Laying blame for the existence of the flaw at the feet of the person who found and disclosed it is simply illogical, White argued.

“The responsibility for the original vulnerability clearly belongs to the developer who wrote the code, and can’t lie with the vulnerability researcher who couldn’t have had access to the code,” White said.

“However, all code has bugs, and it could be further argued that the responsibility for the flaw lies with whoever was responsible for security during development,” he continued.

This does not mean that security researchers that disclose vulnerabilities don’t have responsibilities, though.

There can be consequences depending on how a vulnerability is disclosed, White said, and responsibility for those consequences can be attributed to the researcher.

“That’s usually where people get confused,” White said.

“In short, the site developers are responsible for the flaw, and the bug finder is responsible for fall out due to the way in which they disclosed the flaw,” White said. “How responsible is not something our industry or South African law have clear guidance on just yet.”

“Responsible disclosure”

Since the person disclosing a vulnerability may be held responsible for the potential fallout, it raises the question: how should vulnerabilities be disclosed?

Asked about the industry buzz-phrase “responsible disclosure”, White said that the term is typically used when a vulnerability researcher works with the owner of the affected software to fix the flaw in private.

Only when the fix has been applied does the researcher release their findings.

“It’s a bit of a weasel term because it implies anything else is ‘irresponsible’ when it isn’t clear that collaborating with the vendor is always the best method,” White said.

He said that the preferred term nowadays is coordinated disclosure.

E-toll website
E-toll website

Coordinated vs full disclosure

White said that the arguments for coordinated disclosure are that risks are minimised since the public only finds out about the vulnerability after it is fixed.

The arguments against it are that vendors have limited incentives to fix the flaw (or less pressure to).

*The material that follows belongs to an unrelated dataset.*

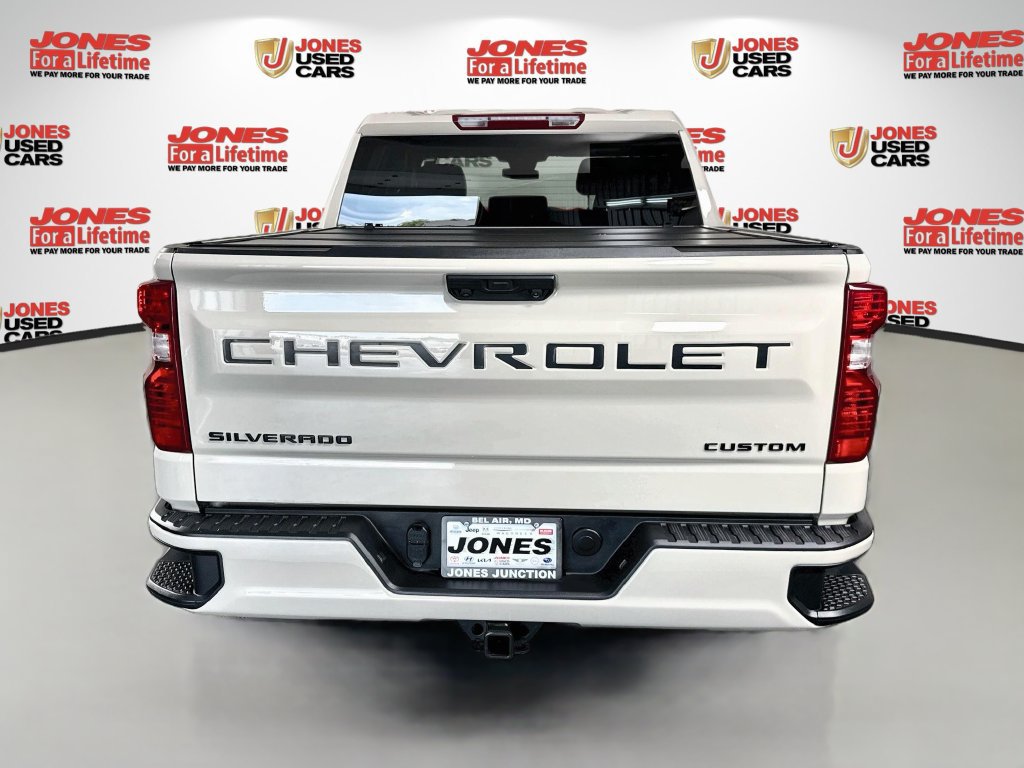 Used 2026 Chevrolet Silverado 1500 Custom w/ LPO, Dark Essentials Package AWD/4WD image 13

While the vendor takes its time to fix the flaw, others with more malicious intent may have already found it and started abusing it.

“Truthfully, this risk isn’t measurable, and it isn’t clear which approach works the best in general,” White said.

White said that a useful guideline is if a company has a security reporting page with guidelines for submitting vulnerabilities, it is worth at least trying coordinated disclosure first.

“If that fails, then go the other route,” White said.

In the case of the Sanral website vulnerability, White said he doesn’t know whether Moe1 tried to contact Sanral, but he added that he is also not sure that one approach would have had less risk overall than the other.

What should Sanral do?

“If you have security researchers publishing vulnerabilities without contacting you, then you have a problem that won’t be fixed by going after the researchers,” White said.

“Microsoft learned this lesson many years ago.”

White said that the solution is to become responsive to security issues, publish guidelines and contacts for reporting bugs, and have the right people respond to those requests.

“You could even take it a step further and engage in bug bounty programmes like Google, Facebook, Microsoft, Mozilla and many others have done,” White said.

The least such programmes offer vulnerability researchers who report flaws is fame, and in many cases they also offer money.

White said that this offers incentives that the reporting be done in a method preferable to the company, while simultaneously encouraging that flaws are found and reported rather than “bad guys” finding and exploiting them.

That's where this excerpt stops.